### [What this task involves]
Since the copy must hold text only, transcribe the data below exactly and omit the images.

### [Data in this exercise]
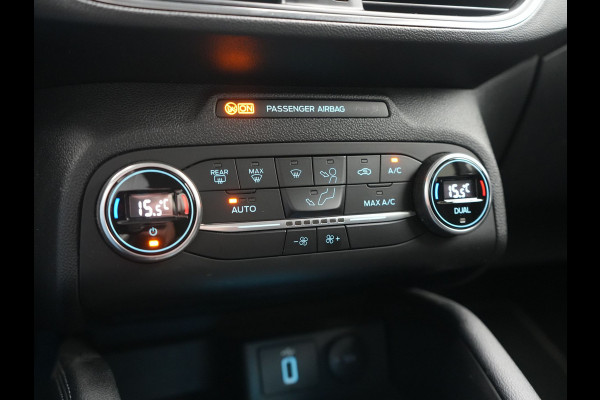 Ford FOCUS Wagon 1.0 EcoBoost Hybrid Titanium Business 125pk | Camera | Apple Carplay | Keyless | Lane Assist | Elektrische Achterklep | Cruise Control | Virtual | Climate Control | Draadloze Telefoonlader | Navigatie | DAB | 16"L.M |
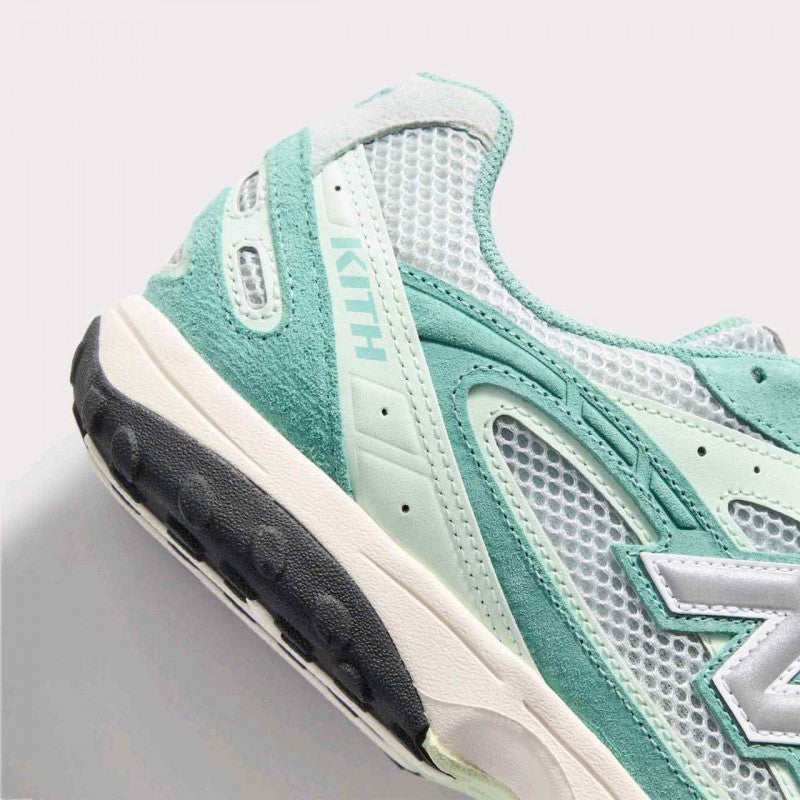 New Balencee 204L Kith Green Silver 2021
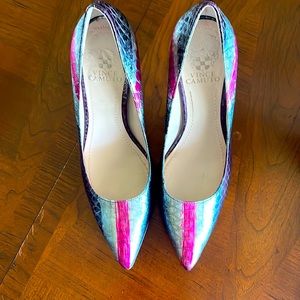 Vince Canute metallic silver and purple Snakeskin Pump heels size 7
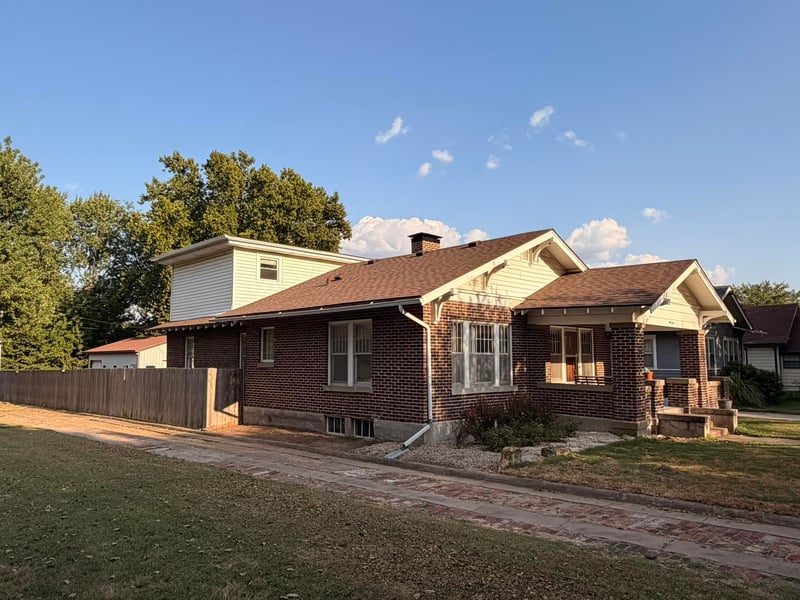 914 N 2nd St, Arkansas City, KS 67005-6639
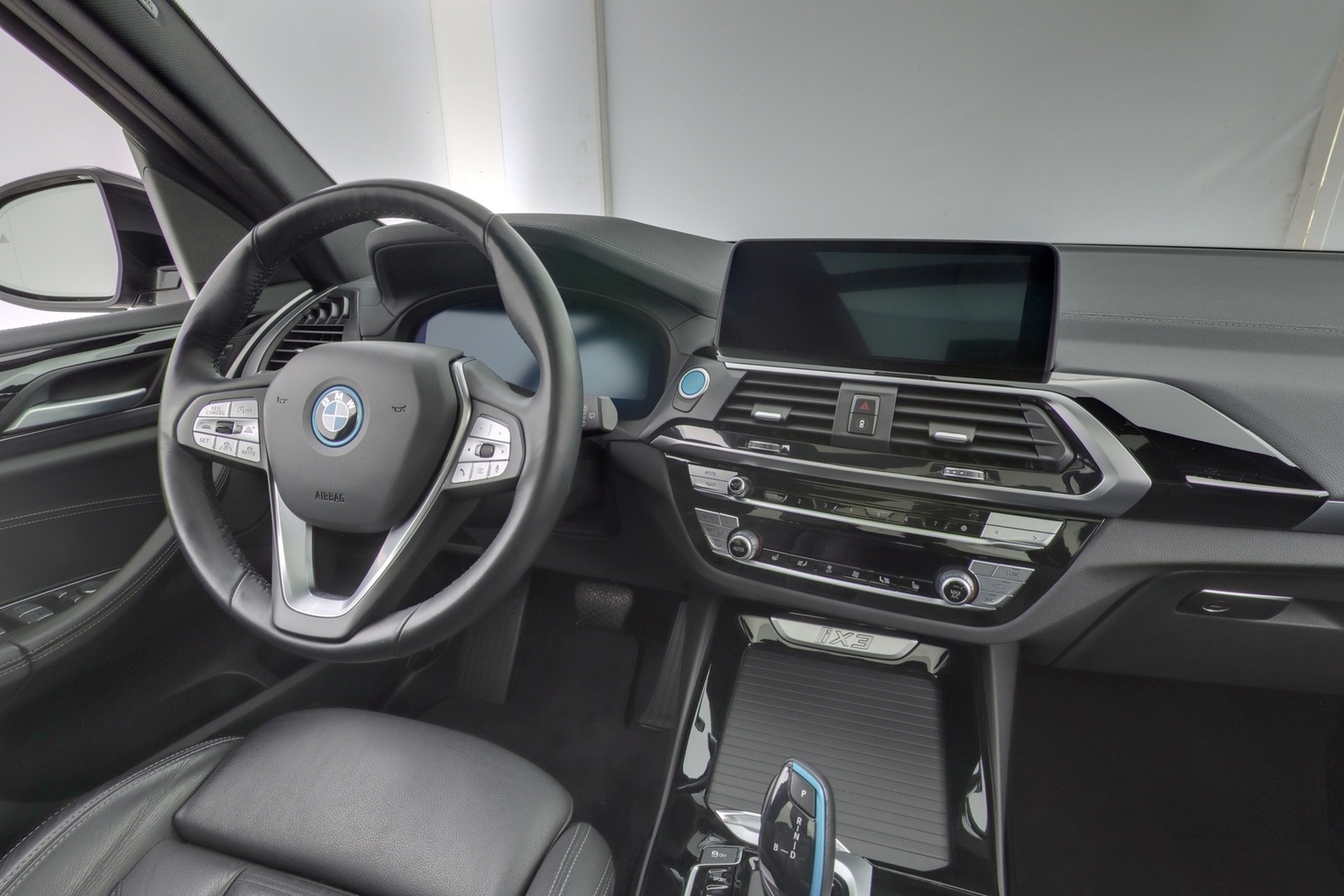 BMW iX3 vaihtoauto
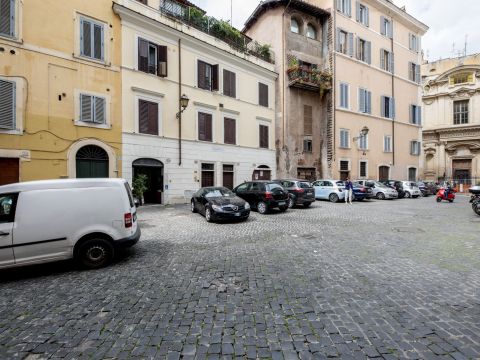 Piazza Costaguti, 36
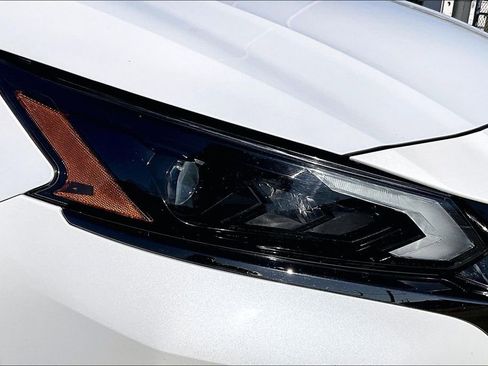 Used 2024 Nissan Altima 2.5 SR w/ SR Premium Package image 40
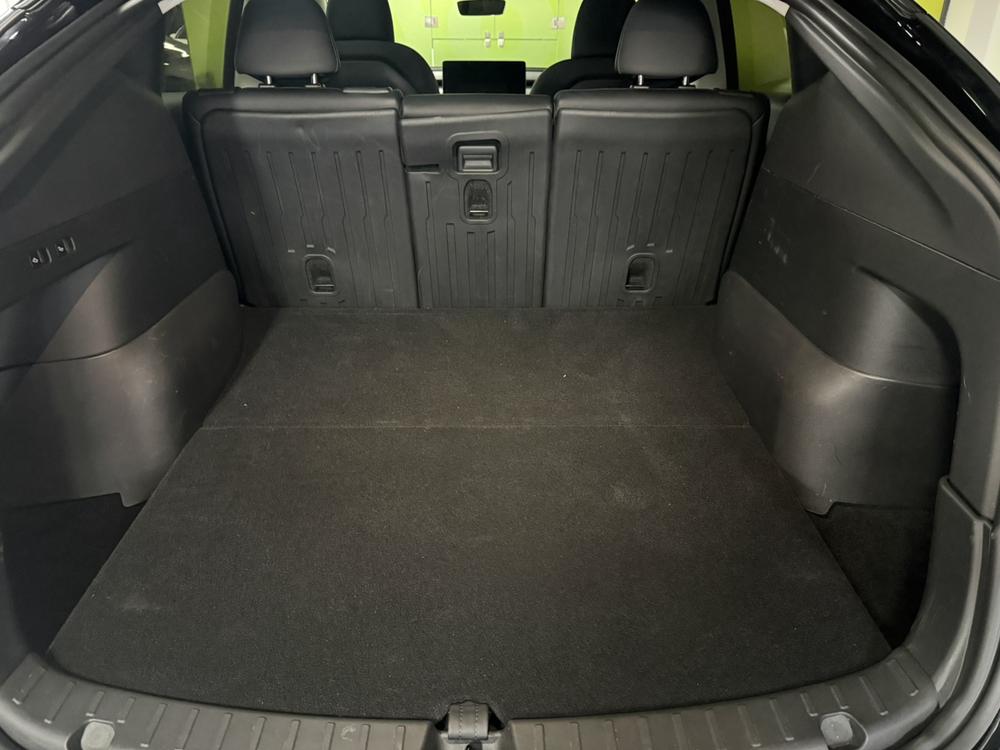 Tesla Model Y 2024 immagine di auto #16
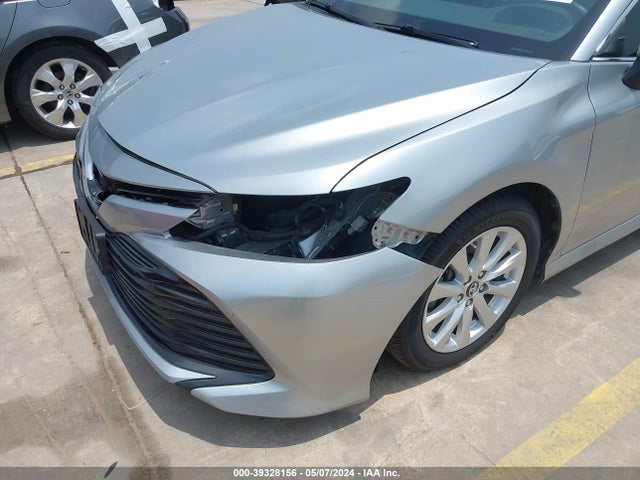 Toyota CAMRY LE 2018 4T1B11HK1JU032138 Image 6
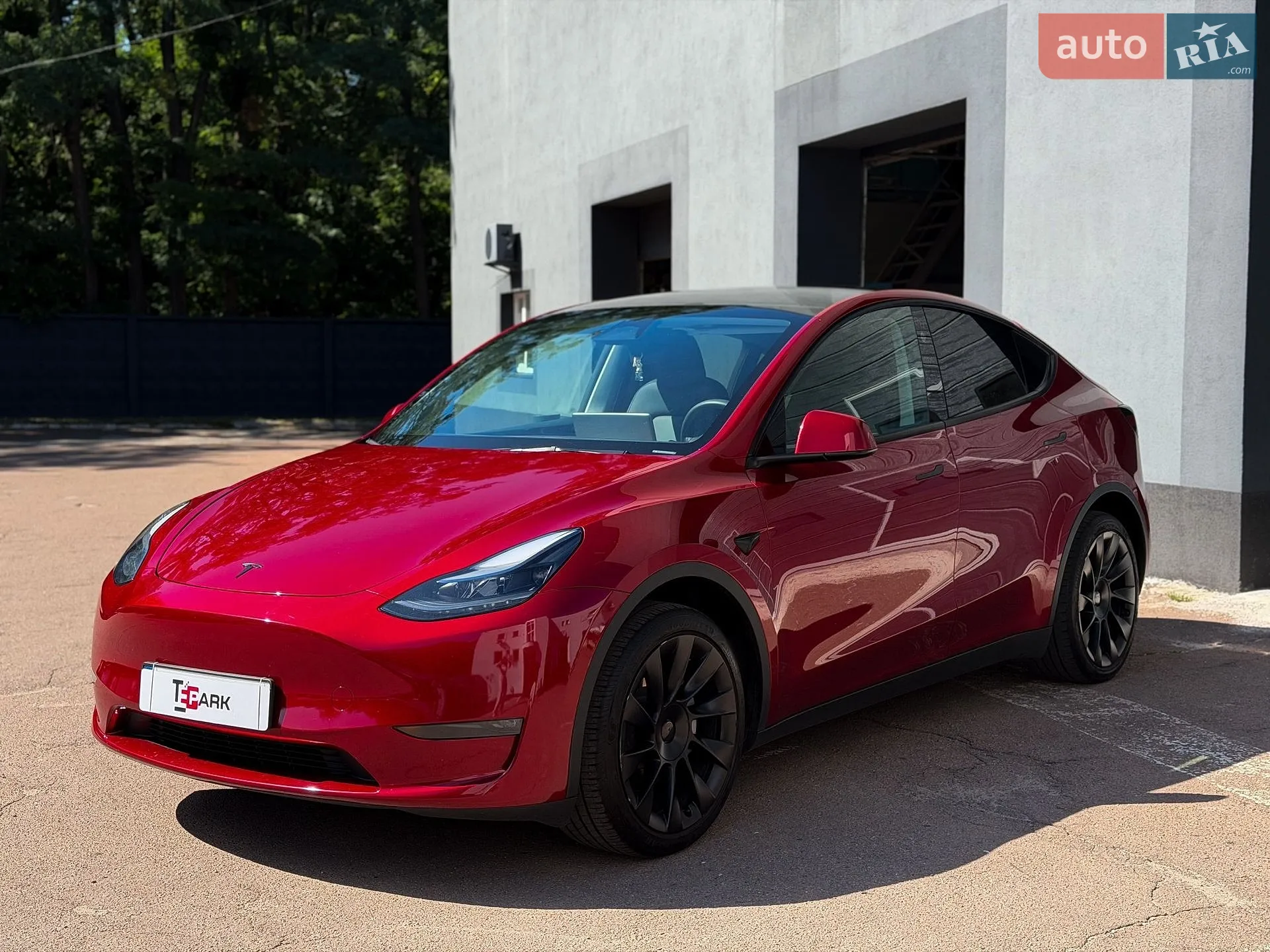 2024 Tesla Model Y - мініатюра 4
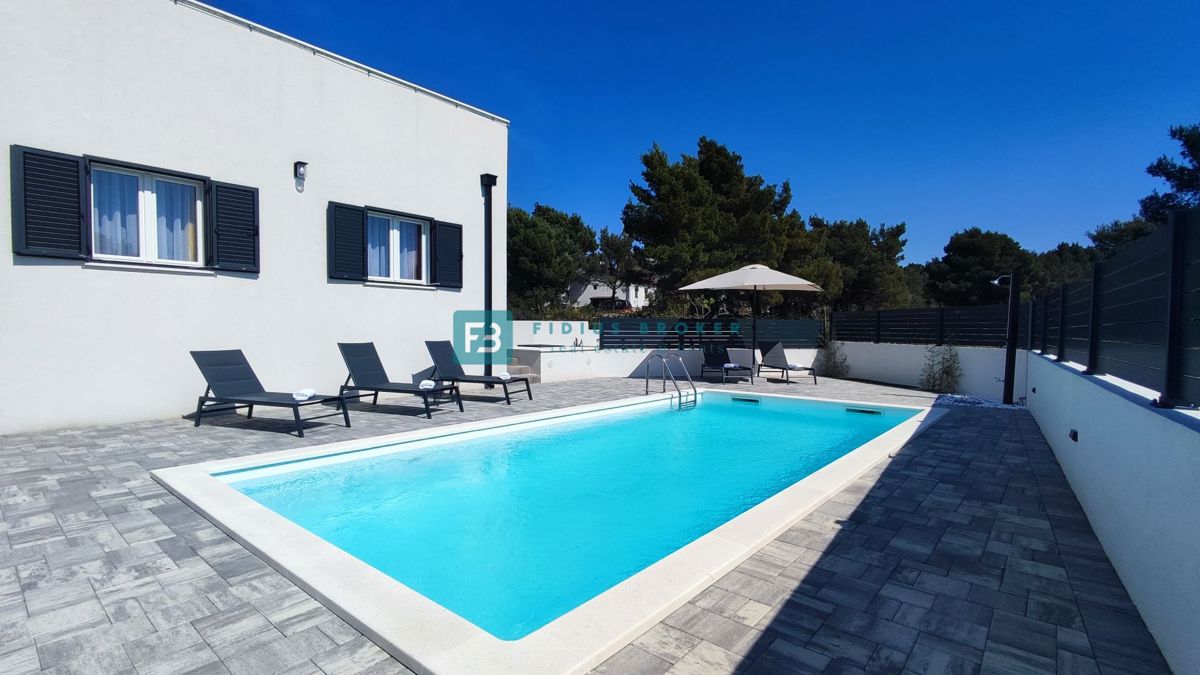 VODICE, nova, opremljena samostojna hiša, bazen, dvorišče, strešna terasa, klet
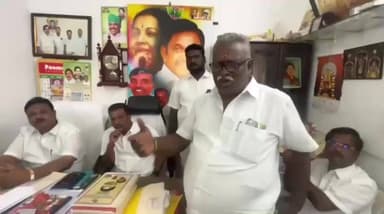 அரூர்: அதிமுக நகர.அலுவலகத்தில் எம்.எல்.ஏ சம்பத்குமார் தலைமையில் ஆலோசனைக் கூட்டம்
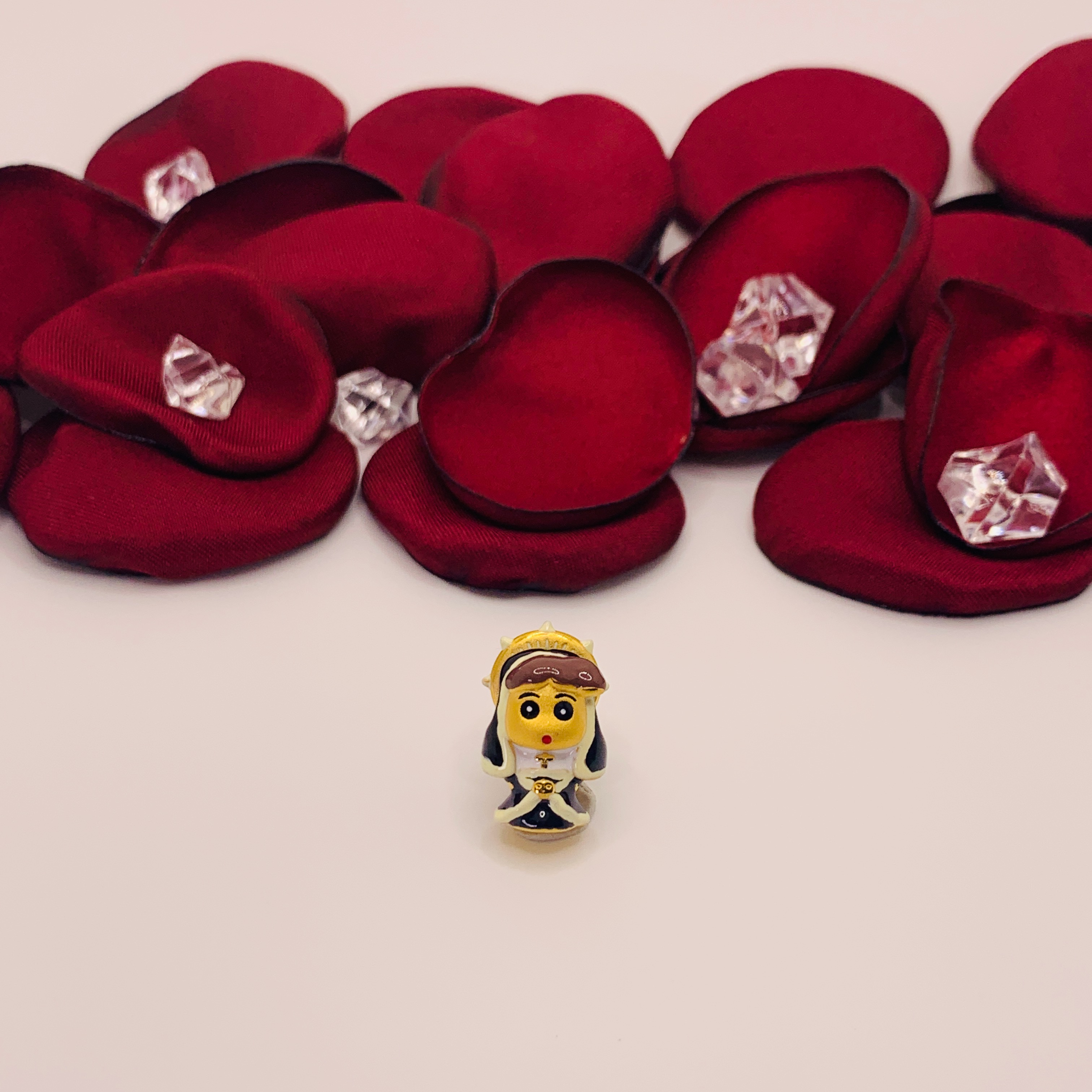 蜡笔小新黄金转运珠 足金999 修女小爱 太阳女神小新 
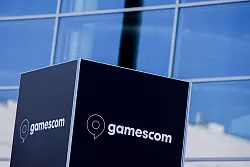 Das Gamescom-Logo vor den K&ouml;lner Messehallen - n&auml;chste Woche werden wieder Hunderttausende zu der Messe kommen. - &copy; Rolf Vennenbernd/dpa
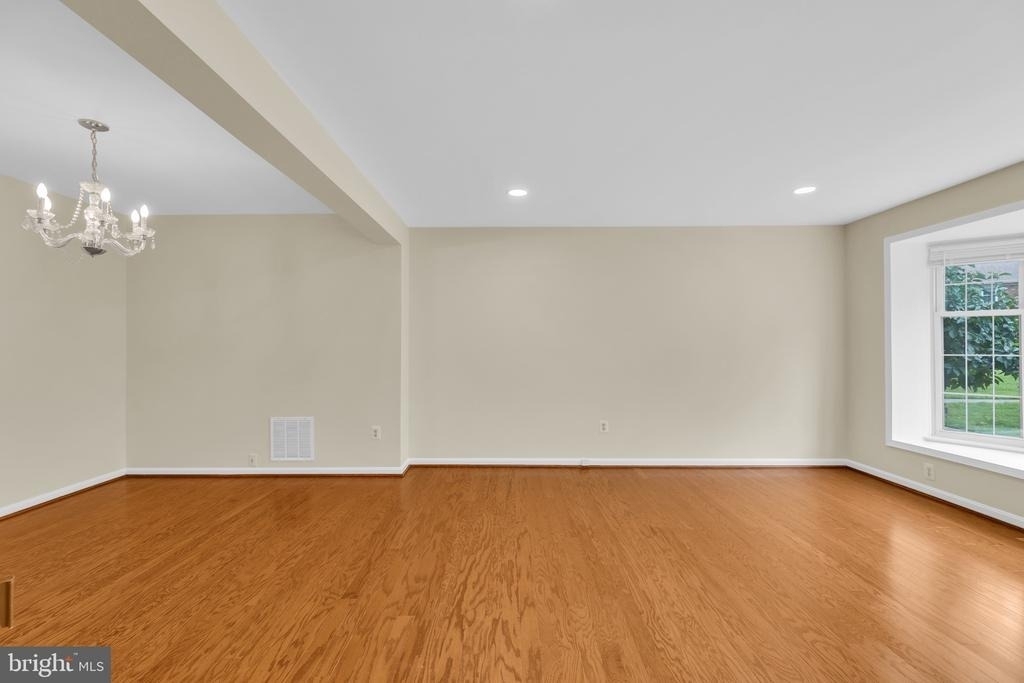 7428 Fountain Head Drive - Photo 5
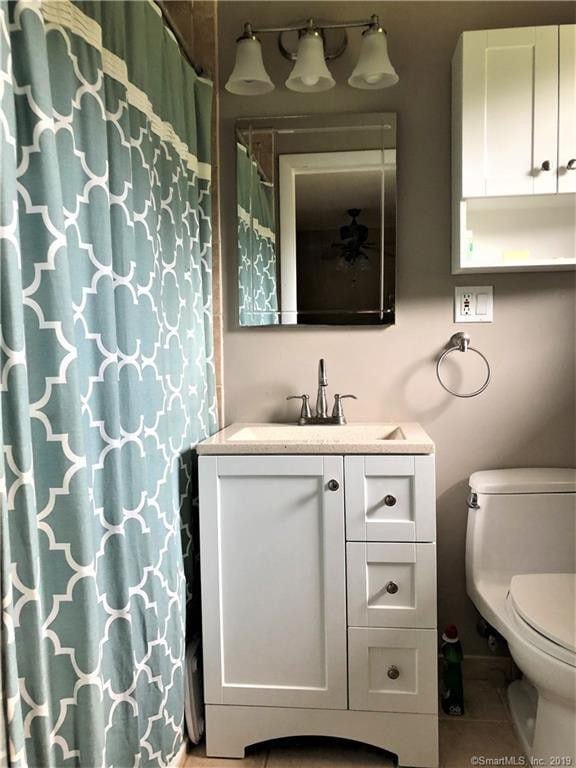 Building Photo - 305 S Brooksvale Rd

### [Your solution]
 Ford FOCUS Wagon 1.0 EcoBoost Hybrid Titanium Business 125pk | Camera | Apple Carplay | Keyless | Lane Assist | Elektrische Achterklep | Cruise Control | Virtual | Climate Control | Draadloze Telefoonlader | Navigatie | DAB | 16"L.M |
 New Balencee 204L Kith Green Silver 2021
 Vince Canute metallic silver and purple Snakeskin Pump heels size 7
 914 N 2nd St, Arkansas City, KS 67005-6639
 BMW iX3 vaihtoauto
 Piazza Costaguti, 36
 Used 2024 Nissan Altima 2.5 SR w/ SR Premium Package image 40
 Tesla Model Y 2024 immagine di auto #16
 Toyota CAMRY LE 2018 4T1B11HK1JU032138 Image 6
 2024 Tesla Model Y - мініатюра 4
 VODICE, nova, opremljena samostojna hiša, bazen, dvorišče, strešna terasa, klet
 அரூர்: அதிமுக நகர.அலுவலகத்தில் எம்.எல்.ஏ சம்பத்குமார் தலைமையில் ஆலோசனைக் கூட்டம்
 蜡笔小新黄金转运珠 足金999 修女小爱 太阳女神小新 
 Das Gamescom-Logo vor den K&ouml;lner Messehallen - n&auml;chste Woche werden wieder Hunderttausende zu der Messe kommen. - &copy; Rolf Vennenbernd/dpa
 7428 Fountain Head Drive - Photo 5
 Building Photo - 305 S Brooksvale Rd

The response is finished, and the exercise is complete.